Я принял предложение. Она деликатно высморкалась.
– Уж не рассчитываете ли вы на мою помощь в задержании какого-нибудь семидесятилетнего прохвоста?
Она была в хорошем настроении и вполне владела собой, ни тени взволнованности. Я рассмеялся.
– Вы себя недооцениваете. Почему бы мне не прийти к вам ради собственного удовольствия? С тех пор как я освободился из лагеря, я общался только с мужчинами. Вот у меня и возникло вполне естественное желание полюбоваться на красивую мордашку старой знакомой. Марк Кове, Монбризон и прочая компания – люди очень милые, однако…
– Марк? Вы его видели?
– Да, в Лионе. Он теперь там со своей газетой.
– Я слышала, что «Крепю» эвакуировалась, но не знала куда. Как поживает Кове?
– Неплохо. Слегка спал с лица, как, впрочем, и все мы. Одному лишь Монбризону удается сохранять вальяжность.
– Монбризону?
– Жюльену Монбризону. Адвокату. Он как-то заходил в наше агентство. Неужели не помните? Такой солидный, в перстнях.
– Нет.
– Приятель Боба… Друг, если хотите.
– А-а… А что Боб, как он? Мне о нем ничего не известно.
– Боб? Погиб… Я видел его всего лишь несколько секунд. Его убили на моих глазах на Перрашском вокзале,– рубанул я наотмашь без всякой подготовки.
Она мгновенно приняла сидячее положение. Ее бледное лицо посерело, круги под глазами обозначились отчетливее.
– …Убили! – воскликнула она.– Что за шутки, патрон?
– Я не шучу. Коломера убили так, как я вам рассказываю.
Она смотрела на меня с напряженным вниманием. Со своей стороны я делал то же самое. Света пасмурного дня вполне хватало, чтобы я мог следить за выражением ее лица. Она была потрясена, ибо все мы в агентстве любили Коломера, но не обнаруживала каких-либо подозрительных эмоций.
Я удовлетворил ее любопытство, ограничившись теми объяснениями, какие счел нужным представить, выдавая умозаключения лионского комиссара за свои собственные. В моем рассказе скрывалось множество ловушек, ни в одну из которых она не угодила.

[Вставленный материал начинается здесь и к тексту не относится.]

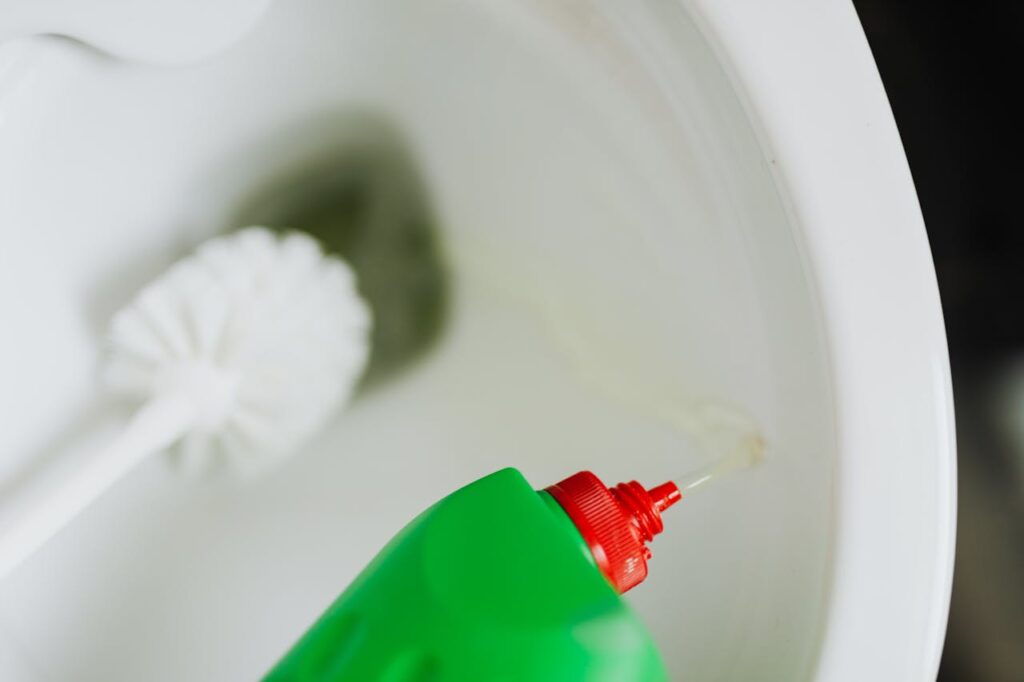 Zo houd je de wc borstel schoon en fris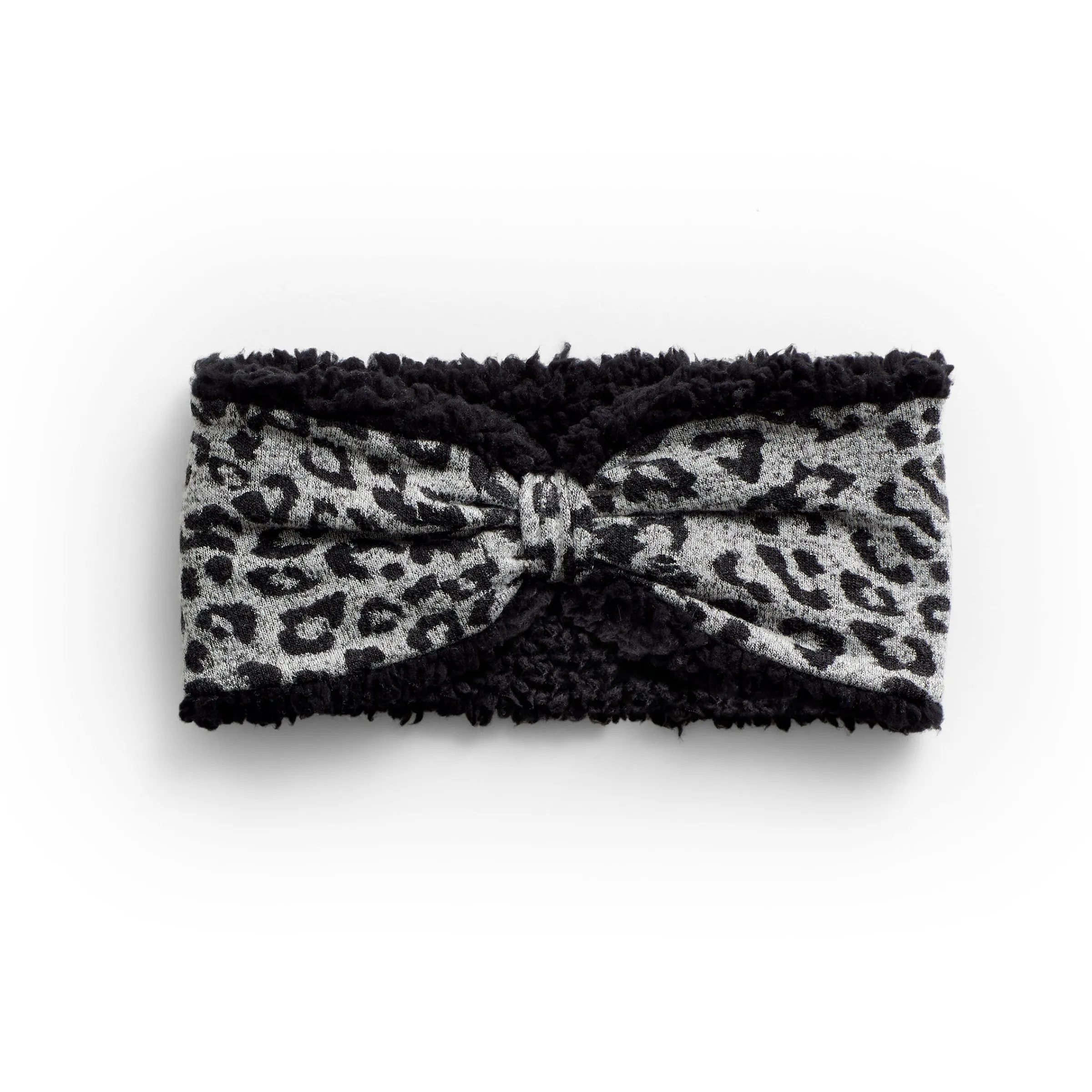 Outlet SoftKnit Headband with Sherpa Women Earmuffs + Headbands|Women's Accessories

Воспользовавшись ее кажущимся смятением, я нанес ей, как мне думалось, решительный удар, неожиданно показав фотографию матрикулярного номера 60202. Она отнеслась к ней безо всякого интереса, и мне пришлось признать in peto[18], что проявленное ею безразличие было искренним.
– Кто это? – равнодушно спросила она.
– Товарищ по концлагерю. Я думал, вы его знаете.
– Нет. С чего вы взяли?
– Так,– брюзгливо ответил я.– Просто вы уже шестидесятая, кому я ее показываю.
Она лукаво взглянула на меня сквозь тень длинных ресниц.
– Когда мне подавать заявление об уходе из агентства Лекту?
– О! Не подумайте, что я занят очередным расследованием… Агентство «Фиат люкс» еще не оправилось. Война нанесла ему непоправимый ущерб. Леблан погиб, За-ваттер попал в плен, Ребуль искалечен… а теперь вот Боб…
– Боб… да…
Она сокрушенно покачала головой. Затем вдруг, резко выпрямившись, с особым блеском в глазах:
– Но ведь вы же остались, патрон. И по-прежнему несломленный.
– Да… Я остался.
Словом… Если вам понадобится моя помощь, дайте только знать.
Я прервал эту нелепую встречу и покинул дом № 60 на Лионской улице в полном замешательстве и совершенно расстроенных чувствах. Либо, увлекшись фантазиями, я пошел по ложному следу, либо эта девушка меня разыгрывала. Ни одно из этих объяснений меня не устраивало.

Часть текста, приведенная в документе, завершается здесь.